There are several limitations to this study. While 97% of removed balloons were sent to the central laboratory, three balloons were not recovered. If any of these had significant stone deposition and had been captured it could significantly alter our results. Balloon removal is performed under direct vision as has previously been described [8, 9]. It is possible, however, that in the process of removing a balloon, encrustation that had been loosely adherent could have been detached and therefore would not be accounted for in the data analysis. Additionally, the surface characteristics of the balloon (as a result of the inherent variability of the manufacturing processes) and its delivery out of the catheter could contribute to the variability of the data measured.
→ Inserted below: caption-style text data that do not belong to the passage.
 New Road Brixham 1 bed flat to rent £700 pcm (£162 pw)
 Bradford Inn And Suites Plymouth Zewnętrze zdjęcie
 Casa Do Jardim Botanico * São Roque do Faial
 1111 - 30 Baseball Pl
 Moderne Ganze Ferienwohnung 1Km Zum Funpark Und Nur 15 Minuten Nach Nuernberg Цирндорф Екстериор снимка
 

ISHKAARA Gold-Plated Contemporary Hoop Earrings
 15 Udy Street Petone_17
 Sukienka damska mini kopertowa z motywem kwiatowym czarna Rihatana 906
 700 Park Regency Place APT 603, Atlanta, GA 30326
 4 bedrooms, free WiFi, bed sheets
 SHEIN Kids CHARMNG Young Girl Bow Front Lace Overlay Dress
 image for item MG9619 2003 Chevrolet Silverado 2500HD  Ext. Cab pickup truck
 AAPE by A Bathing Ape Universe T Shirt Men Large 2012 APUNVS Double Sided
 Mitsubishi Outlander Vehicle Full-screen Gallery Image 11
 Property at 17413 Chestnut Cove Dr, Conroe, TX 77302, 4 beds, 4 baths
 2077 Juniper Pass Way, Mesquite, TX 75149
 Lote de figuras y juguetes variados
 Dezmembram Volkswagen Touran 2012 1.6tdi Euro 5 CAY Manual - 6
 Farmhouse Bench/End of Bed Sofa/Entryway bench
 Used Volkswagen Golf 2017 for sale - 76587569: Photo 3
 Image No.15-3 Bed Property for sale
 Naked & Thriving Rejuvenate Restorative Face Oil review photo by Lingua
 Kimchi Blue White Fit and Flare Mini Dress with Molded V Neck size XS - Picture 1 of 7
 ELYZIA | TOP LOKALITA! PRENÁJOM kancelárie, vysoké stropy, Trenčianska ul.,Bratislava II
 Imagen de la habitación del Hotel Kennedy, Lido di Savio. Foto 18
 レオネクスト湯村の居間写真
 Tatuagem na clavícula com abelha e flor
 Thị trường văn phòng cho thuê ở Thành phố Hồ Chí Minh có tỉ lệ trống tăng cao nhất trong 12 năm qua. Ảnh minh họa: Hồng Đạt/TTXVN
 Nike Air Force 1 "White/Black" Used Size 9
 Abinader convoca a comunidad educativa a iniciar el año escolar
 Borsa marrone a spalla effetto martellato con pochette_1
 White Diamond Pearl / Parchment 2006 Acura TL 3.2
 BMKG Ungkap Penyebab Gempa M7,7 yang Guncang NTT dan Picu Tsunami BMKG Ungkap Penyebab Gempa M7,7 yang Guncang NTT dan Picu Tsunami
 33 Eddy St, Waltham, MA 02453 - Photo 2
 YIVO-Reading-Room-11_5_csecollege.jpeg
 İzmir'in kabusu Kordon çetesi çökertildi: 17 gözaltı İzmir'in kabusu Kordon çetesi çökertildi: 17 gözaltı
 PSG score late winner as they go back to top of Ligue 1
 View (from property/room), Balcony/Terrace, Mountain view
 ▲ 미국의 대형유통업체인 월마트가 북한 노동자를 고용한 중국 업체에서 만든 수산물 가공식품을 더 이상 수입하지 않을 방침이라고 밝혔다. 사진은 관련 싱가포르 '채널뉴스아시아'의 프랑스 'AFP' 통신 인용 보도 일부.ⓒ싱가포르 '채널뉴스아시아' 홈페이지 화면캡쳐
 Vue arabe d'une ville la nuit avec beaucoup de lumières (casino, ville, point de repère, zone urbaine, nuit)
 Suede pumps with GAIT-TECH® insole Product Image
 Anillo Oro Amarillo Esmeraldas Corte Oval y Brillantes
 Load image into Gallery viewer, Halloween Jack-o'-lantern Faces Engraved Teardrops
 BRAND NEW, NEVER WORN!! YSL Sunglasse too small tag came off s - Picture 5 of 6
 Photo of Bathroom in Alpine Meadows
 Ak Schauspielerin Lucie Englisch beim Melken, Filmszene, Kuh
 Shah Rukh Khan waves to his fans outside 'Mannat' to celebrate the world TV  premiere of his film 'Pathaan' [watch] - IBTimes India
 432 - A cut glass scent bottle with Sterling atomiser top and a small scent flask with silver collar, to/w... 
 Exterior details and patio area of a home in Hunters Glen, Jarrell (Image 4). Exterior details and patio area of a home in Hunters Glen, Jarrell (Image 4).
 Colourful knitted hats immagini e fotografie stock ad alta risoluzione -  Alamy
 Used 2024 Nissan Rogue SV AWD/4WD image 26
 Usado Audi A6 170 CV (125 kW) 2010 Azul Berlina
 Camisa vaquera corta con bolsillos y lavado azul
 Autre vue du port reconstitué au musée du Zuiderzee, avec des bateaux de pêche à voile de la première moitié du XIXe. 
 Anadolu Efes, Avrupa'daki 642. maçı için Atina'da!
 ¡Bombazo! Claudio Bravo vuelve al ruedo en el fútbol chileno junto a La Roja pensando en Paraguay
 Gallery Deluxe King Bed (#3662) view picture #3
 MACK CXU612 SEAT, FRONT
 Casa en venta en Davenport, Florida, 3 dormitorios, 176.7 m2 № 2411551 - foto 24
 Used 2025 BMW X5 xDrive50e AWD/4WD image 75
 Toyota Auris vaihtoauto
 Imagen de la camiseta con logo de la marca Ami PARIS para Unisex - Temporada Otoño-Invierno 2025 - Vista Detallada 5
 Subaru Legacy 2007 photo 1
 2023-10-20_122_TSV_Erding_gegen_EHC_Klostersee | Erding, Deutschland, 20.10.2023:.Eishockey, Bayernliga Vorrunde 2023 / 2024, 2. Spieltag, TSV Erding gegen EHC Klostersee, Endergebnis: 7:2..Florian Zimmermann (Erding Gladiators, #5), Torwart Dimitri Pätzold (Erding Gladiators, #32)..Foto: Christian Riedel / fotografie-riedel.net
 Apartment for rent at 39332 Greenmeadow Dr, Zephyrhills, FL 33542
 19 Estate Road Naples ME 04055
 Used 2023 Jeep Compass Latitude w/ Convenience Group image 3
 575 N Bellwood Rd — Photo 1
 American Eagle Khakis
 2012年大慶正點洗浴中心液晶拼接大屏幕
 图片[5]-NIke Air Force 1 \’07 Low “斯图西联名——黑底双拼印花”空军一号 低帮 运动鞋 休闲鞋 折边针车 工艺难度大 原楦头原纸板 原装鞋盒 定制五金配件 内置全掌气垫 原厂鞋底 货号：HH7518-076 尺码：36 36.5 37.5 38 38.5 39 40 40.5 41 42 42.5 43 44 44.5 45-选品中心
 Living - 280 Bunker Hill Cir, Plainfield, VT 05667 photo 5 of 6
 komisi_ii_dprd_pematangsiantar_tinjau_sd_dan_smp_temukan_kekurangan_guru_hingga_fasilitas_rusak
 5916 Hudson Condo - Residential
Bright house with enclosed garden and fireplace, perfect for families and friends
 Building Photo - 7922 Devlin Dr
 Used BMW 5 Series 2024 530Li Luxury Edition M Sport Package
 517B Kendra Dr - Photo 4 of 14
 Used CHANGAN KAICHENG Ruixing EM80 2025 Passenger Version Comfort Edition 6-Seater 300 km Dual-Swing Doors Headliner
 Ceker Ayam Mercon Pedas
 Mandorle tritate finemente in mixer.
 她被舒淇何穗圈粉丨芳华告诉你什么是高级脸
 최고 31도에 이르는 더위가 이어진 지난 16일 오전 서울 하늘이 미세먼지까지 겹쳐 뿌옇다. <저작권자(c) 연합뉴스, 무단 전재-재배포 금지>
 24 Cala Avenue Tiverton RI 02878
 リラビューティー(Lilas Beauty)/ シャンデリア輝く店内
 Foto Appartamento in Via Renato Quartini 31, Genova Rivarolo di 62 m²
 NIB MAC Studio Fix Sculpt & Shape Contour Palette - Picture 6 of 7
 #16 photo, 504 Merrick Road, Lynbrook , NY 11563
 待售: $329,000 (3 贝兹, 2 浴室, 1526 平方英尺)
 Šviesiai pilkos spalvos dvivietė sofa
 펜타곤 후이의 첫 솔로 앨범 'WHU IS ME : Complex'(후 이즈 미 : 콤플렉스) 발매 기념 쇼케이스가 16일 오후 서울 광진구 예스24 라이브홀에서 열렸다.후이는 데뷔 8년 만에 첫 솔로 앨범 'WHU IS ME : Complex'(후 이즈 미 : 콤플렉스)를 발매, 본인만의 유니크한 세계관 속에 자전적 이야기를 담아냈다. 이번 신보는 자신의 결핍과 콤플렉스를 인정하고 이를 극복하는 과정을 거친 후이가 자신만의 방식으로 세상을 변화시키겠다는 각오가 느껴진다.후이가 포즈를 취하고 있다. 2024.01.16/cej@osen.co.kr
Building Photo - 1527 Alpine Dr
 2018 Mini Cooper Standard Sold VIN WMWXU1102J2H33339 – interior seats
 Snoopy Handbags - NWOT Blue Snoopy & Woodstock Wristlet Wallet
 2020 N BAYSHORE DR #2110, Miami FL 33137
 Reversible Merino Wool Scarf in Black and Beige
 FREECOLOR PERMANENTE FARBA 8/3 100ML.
While all balloons passed manufacturing inspection for smooth surface characteristics, the surface characteristics of the balloon were not evaluated after removal in this analysis. Finally, bacterial contamination as a cause for the unusual bacteria noted in our DNA analysis of the balloon surface film cannot be ruled out. While care was taken to place each balloon into the collection container after removal, the sterility of these containers cannot be guaranteed and additional contamination may have occurred during balloon removal and transport. Limitations notwithstanding, the authors feel confident that the rate of encrustation on Vesair balloons in this cohort is comparatively low and does not appear to lead to adverse patient outcomes or device efficacy.

Conclusions

The rate of encrustation on the Vesair intravesical pressure-attenuating balloon is low and does not appear to increase the rate of adverse outcomes or reduce clinical efficacy. The mechanism of stone deposition appears more consistent with what is seen with indwelling ureteral stents; however, unique properties of the Vesair balloon seem to limit the ability of crystals to deposit on the balloon surface.